Expected value is the mean average of a large number of independent, variable outcomes. We’ll try to translate that a bit. Expected value is a sort of predicted outcome of a variable, based on the average probability of each outcome. Let’s explain with a quick example.
Say you’re rolling a 6-sided die a thousand times. We’ll use dice because every outcome is equally likely, and there are six of them. If you keep rolling the dice, you’ll statistically eventually get the same outcome a roughly equal number of times.
If we add all of the results together and divide them by the number of rolls, we’ll probably get somewhere around 3.5. That’s the expected value of rolling dice. Every time you roll dice, the result will be 3.5 on average.
Keep in mind that the definition of expected value may slightly vary depending on who you ask. For example, in investment economics, the expected value (EV) is an anticipated average value for an investment in the future. It uses the same principles but for different purposes.
Importantly, expected value in the context of gambling and investments shows the profit or loss you’re about to see.
In other words, expected value in gambling shows how much your stake is going to change and not just the flat total.
Expected Value and House Edge
Now let’s go back to casino games and how any of this relates to them. You may have noticed that all this talk of probability ties in closely to Return to Player rates, or RTP. There’s a reason for that.
First of all, you have to understand that all casino games were designed to give players a negative expected value. That’s why they say that the house always wins. On average, every bet made at a casino will lose. That’s what luck-based gambling is actually all about – hoping for results that are decidedly not average.
Return to Player is basically an inverted, percentage representation of the expected value of a bet. Again, let’s translate.
By inverted, we mean that you’re representing how much of your stake you’ll keep, not how much your stake will change. Basically, RTP is your stake minus the expected value.
This leads us to the next conclusion: that the terms expected value and house edge are almost interchangeable. They show the same thing in a slightly different way.
Specifically, expected value in gambling does take into account the size of your stake. For instance, say you’re betting $10 in a game of European roulette. As we all know, it has an RTP of 97.30%, which means the house edge is 100-97.3=2.7%.

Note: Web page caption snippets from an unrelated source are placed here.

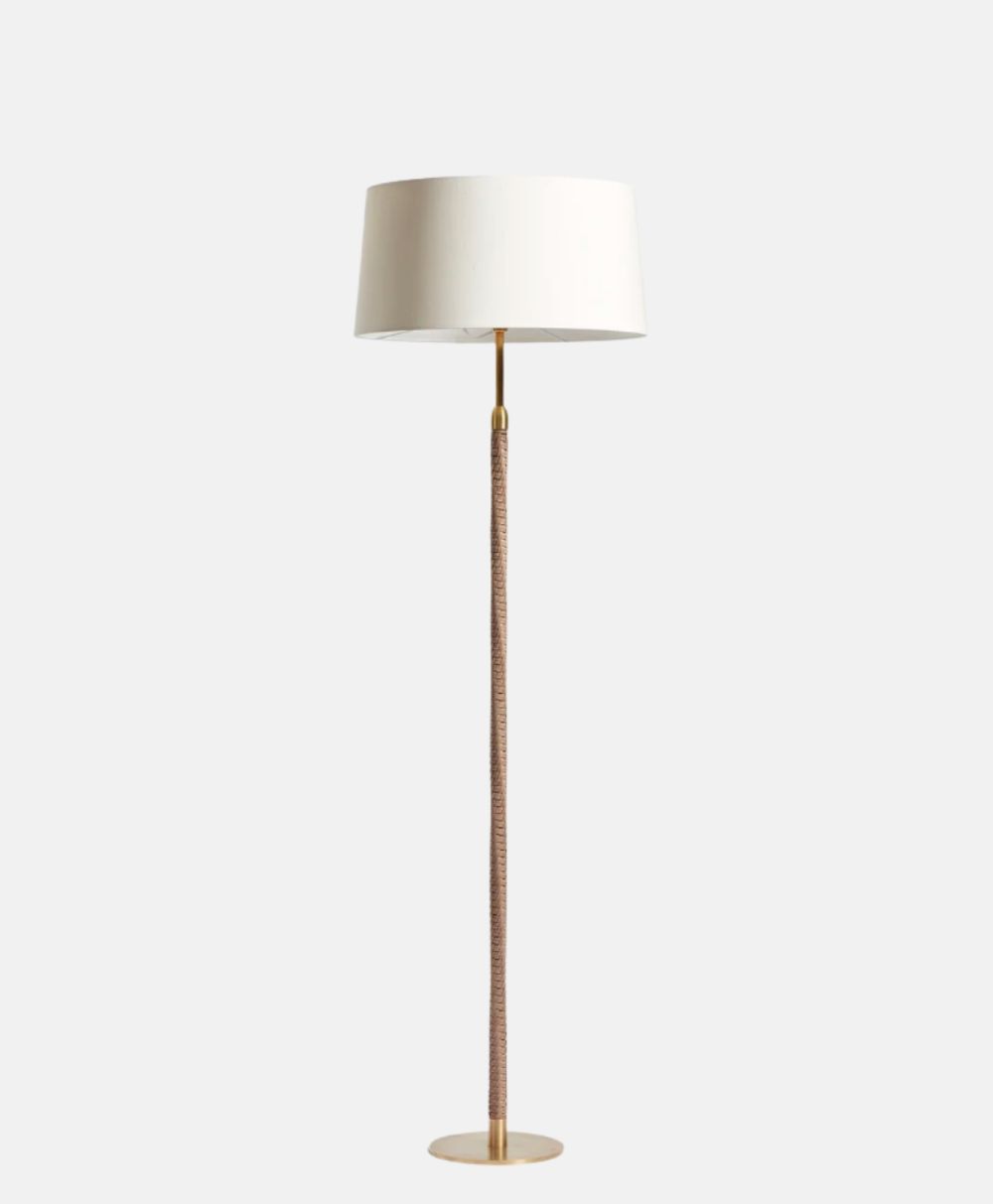 A modern floor lamp with a white drum lampshade, a slender pole wrapped in a textured brown material, and a round gold base, set against a plain light gray background.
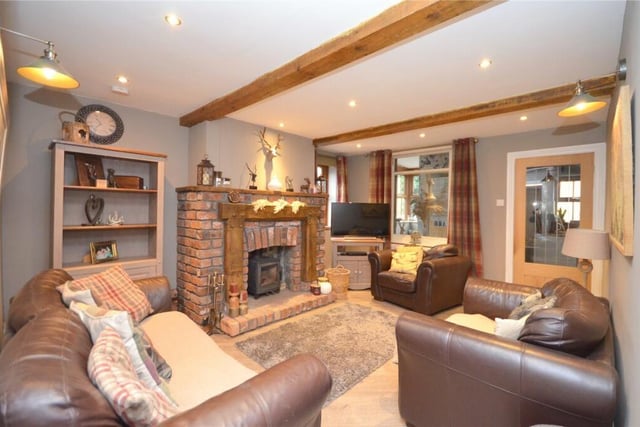 A beamed sitting room with rustic brick fireplace and cosy stove.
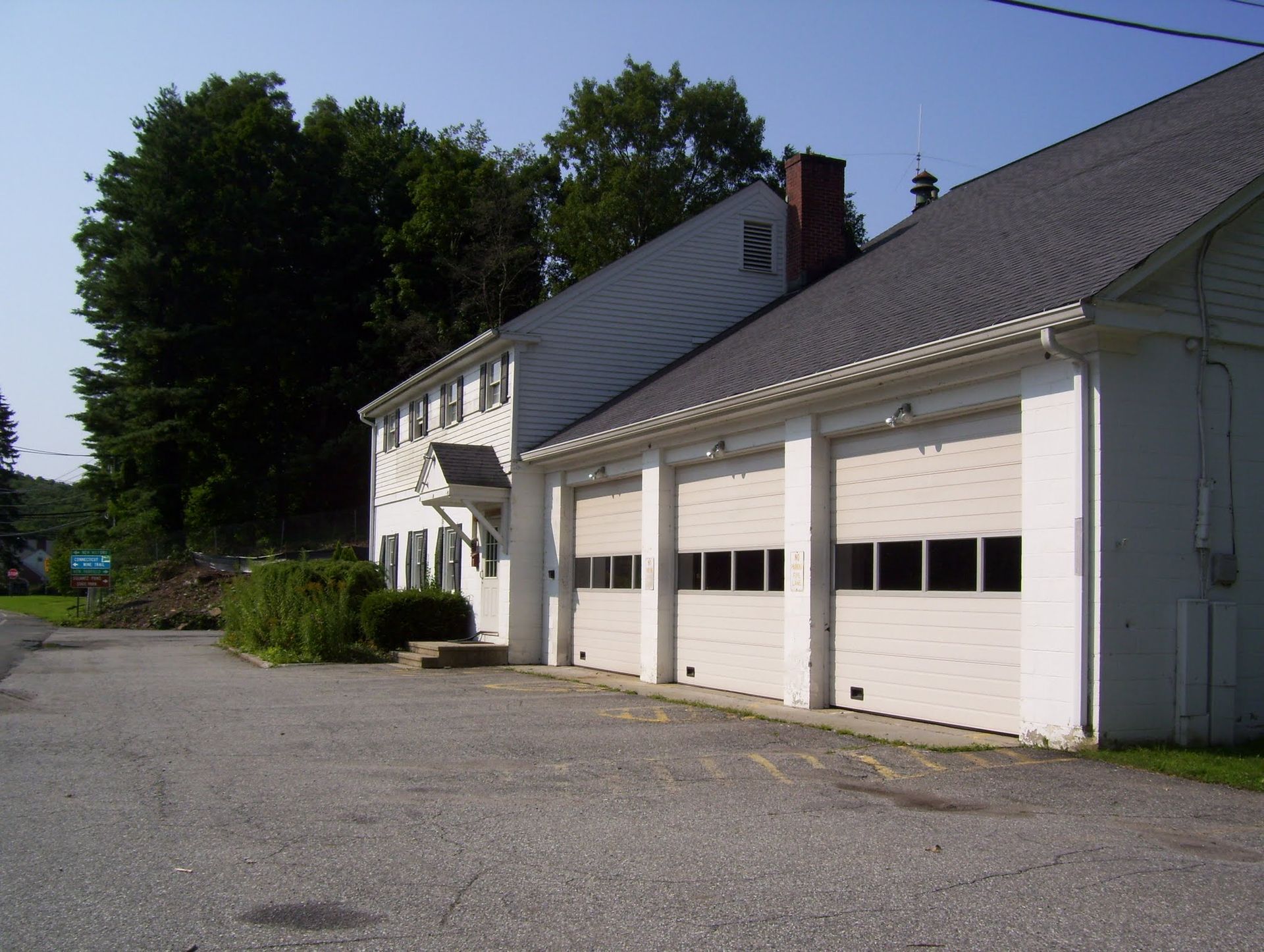 A white building with a lot of garage doors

If you keep making the same bet with the same stake over and over again, you will theoretically lose $0.27 each time. Some bets will win, others will lose, but on average, you’re losing 27 cents per spin. Like we said – the house always wins.
How to Calculate Expected Value of Any Bet
So now you know the expected value of roulette bets. What about other games?
We’ll go through some of the most popular ones later. For now, we’ll give you a simple formula for calculating the expected value of bets at any moment.
Expected Value=((probability to win) x (profit)-(proability to lose) x (stake) )/Stake
That’s fairly easy to remember. And we can confirm it using the roulette numbers from above. Let’s say you’re making an Even Money bet, which has a probability of success of 48.60%, which is 48.6/100 or 0.486. You can find the probabilities for all roulette bets in our guide.
Your stake is $10. The profit is also $10 – Even Money pays 1:1, after all.
Expected Value=( (48.6/100 x 10)-(51.3/100 x 10) )/10
Expected Value=( (0.486 x 10)-(0.513 x 10) )/10
Expected Value=(4.86-5.13 )/10
In other worlds, you’re expected to lose just under 3 cents with every roulette spin.
Before you ask – there’s no real way to get a positive expected value in gambling. As we said, the games were designed so that it’s always negative. The only real exception is counting cards in blackjack, which boils down to waiting until the deck offers positive expected value. That’s a story for another time, though.